Senior government official responsible for effective running of local workhouses for the poor and sick – he was concerned about how the government might spend its money more efficiently on better living conditions for workers to prevent so many of them resorting to the workhouses for help when they subsequently became ill. 1842 Report (Report on the Sanitary Conditions of the Labouring Population of Great Britain) It advised local councils that: drainage & refuse collection should be provided; pure water supply should be provided; a local Medical Officer of Health should be appointed. Chadwick drew on earlier research by Dr William Farr who compiled accurate statistics showing disease was worse where there were bad water/sewage systems & Dr Robert Baker (Poor Law surgeon in Leeds) who had reported on the Cholera epidemic ( ) in Leeds & gave vivid descriptions of living conditions & air pollution. 1848 1st Public Health Act: General Board of Health (London) under Chadwick & some local boards set up. Only recommended that the advice of the 1842 Report be taken up by local government. General Board of Health abolished in 1854 – councils objected to being told what to do by Chadwick, whose zeal and confidence was often seen as intrusive arrogance. Chadwick’s campaigning in the 1840s and 1850s did much to raise the issue of Public Health provision among the public, but did little to change things in the short term. The nd Public Health Act made compulsory the recommendations of his 1842 Report, which the 1848 Act had only made voluntary, so in the long term his work directly contributed to the most important Public Health reform of the 19th Century.

Aneurin Bevan was a working class son of a miner in South Wales. At the age of thirteen he left school and began working in a local coal mine himself.
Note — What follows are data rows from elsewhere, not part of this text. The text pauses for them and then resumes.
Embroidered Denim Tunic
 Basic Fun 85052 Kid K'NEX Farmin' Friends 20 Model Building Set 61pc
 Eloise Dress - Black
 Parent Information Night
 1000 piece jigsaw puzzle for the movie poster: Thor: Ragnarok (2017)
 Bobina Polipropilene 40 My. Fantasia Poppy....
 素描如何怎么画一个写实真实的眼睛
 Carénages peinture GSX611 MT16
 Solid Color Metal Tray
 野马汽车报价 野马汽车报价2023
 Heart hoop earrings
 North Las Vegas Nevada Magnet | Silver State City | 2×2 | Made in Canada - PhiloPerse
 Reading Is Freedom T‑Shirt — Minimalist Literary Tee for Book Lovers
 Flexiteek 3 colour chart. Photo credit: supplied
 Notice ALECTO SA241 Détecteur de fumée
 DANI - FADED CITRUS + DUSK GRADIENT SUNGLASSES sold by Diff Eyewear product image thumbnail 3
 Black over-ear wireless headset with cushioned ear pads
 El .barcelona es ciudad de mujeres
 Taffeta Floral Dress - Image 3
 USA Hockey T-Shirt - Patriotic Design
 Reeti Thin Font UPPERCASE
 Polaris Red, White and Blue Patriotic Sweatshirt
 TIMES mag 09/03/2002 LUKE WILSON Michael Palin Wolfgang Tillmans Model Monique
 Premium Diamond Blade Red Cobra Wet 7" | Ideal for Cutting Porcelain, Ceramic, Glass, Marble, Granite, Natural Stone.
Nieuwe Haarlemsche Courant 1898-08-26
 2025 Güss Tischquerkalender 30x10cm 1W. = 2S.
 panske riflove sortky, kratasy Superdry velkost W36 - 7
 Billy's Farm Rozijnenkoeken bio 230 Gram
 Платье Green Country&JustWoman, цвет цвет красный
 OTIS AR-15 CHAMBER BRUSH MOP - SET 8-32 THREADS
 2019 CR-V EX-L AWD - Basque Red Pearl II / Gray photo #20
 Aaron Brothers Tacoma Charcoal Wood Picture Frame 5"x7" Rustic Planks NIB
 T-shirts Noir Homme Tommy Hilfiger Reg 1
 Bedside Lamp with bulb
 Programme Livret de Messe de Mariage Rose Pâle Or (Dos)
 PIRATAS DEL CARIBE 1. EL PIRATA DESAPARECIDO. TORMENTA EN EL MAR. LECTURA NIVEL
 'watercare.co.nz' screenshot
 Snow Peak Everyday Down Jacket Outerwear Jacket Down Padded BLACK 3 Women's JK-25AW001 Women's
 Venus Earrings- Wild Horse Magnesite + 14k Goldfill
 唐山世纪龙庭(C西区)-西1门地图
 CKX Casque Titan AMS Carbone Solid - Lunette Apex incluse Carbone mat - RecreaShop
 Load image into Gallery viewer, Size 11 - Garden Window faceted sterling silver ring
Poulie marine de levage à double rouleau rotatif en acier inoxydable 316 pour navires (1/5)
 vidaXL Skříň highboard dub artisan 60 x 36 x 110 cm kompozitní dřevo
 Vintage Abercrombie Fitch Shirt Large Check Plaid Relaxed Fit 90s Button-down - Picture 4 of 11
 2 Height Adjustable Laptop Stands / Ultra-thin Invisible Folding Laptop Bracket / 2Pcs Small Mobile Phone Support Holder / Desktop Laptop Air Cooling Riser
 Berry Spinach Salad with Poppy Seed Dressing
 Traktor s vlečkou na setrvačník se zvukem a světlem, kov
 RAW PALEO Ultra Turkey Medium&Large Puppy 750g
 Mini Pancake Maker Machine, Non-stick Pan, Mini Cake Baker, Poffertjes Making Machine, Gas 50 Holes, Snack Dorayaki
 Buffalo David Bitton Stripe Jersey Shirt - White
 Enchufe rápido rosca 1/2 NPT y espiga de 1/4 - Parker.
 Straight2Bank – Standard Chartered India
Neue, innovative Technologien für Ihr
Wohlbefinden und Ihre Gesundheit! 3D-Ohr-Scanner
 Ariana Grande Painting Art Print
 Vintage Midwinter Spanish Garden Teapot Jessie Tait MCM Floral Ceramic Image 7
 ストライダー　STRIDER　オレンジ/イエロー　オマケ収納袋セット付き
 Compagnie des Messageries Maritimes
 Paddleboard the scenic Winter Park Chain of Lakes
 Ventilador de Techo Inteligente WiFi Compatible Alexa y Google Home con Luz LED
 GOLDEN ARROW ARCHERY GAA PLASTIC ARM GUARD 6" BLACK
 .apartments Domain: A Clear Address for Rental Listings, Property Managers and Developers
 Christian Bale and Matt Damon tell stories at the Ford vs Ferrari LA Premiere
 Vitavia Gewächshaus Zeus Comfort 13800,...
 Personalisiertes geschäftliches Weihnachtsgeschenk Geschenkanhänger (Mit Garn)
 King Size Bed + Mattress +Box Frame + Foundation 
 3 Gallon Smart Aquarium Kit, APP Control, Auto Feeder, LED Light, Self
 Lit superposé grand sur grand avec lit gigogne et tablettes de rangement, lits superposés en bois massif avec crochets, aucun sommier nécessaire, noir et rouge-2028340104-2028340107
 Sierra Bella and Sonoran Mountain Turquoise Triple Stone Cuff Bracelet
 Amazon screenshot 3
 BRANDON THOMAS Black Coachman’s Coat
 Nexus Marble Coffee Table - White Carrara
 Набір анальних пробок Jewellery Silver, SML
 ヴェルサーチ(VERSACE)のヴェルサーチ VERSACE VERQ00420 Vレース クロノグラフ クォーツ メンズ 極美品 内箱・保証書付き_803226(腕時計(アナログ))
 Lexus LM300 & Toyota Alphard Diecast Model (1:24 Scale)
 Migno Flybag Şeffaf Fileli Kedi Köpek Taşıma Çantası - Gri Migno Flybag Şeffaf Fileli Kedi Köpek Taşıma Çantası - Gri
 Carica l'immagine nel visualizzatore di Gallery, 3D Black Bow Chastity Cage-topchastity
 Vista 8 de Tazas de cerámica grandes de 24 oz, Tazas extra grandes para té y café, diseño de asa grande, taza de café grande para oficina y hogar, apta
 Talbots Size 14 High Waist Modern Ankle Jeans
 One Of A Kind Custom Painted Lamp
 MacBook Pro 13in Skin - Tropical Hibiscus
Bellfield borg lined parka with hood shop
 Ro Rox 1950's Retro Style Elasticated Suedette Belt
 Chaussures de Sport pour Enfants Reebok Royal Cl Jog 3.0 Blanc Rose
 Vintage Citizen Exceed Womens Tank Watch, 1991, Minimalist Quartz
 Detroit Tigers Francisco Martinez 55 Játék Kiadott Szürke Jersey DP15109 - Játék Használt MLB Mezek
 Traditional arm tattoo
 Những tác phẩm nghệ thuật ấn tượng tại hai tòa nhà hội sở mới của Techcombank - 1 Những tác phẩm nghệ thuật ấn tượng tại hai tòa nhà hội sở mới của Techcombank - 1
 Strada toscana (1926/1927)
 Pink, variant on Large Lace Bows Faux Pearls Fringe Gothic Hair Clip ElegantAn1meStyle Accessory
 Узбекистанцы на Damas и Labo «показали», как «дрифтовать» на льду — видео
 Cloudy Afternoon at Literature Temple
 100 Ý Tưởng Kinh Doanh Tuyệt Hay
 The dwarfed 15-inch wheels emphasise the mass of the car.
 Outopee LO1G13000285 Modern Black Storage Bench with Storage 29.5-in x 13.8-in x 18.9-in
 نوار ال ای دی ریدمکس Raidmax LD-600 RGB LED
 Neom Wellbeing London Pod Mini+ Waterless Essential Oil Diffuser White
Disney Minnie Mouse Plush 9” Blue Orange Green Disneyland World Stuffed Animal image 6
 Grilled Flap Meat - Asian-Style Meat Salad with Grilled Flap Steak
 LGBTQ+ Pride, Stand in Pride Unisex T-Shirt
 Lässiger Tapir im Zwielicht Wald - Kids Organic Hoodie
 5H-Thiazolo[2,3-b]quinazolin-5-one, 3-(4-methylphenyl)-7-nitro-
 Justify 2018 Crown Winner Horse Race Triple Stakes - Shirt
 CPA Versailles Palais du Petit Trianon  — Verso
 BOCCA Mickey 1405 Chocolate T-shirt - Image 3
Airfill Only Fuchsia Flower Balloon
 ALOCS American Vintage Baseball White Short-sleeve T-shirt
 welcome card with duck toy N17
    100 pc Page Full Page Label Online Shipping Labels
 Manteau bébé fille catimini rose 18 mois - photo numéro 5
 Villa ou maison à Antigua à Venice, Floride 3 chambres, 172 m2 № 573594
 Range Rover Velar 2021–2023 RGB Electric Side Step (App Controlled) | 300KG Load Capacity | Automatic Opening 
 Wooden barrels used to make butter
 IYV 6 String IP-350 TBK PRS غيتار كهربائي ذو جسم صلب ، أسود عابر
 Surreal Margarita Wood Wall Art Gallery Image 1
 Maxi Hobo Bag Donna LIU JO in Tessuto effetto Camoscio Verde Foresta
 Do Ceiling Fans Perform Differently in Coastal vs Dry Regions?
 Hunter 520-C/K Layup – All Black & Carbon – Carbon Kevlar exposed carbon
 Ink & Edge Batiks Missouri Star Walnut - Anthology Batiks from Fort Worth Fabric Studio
He soon became involved in the Trade Unions as a talented spokesperson for miners’ working conditions and pay. In 1929 he became a Labour Party MP. In 1942 (in the middle of WWII) the government had published the Beveridge Report. It stated that a National Insurance scheme could provide effective healthcare for all. In 1945 the Labour Party was elected to run the government for the first time. They had promised to improve the welfare of all classes, regardless of wealth if they were elected. As the new Minister of Health, Bevan was already famous as a determined campaigner for the rights of the working class and wanted the reforms that the government put forward to go much further than anything else previously attempted to help the majority of people in Britain – free healthcare for all for life. He overcame all opposition to his plans for the NHS from many different groups: the Conservative Party; the Consultants (he “stuffed their mouths with gold”, i.e. promised them high salaries under the new system) and the GPs. The NHS was successfully launched in 1948. Bevan resigned in 1951 when the government announced that it intended to introduce measures that would force people to pay towards dentures, spectacles and prescription charges. Bevan saw this as an unacceptable retreat from his completely free service.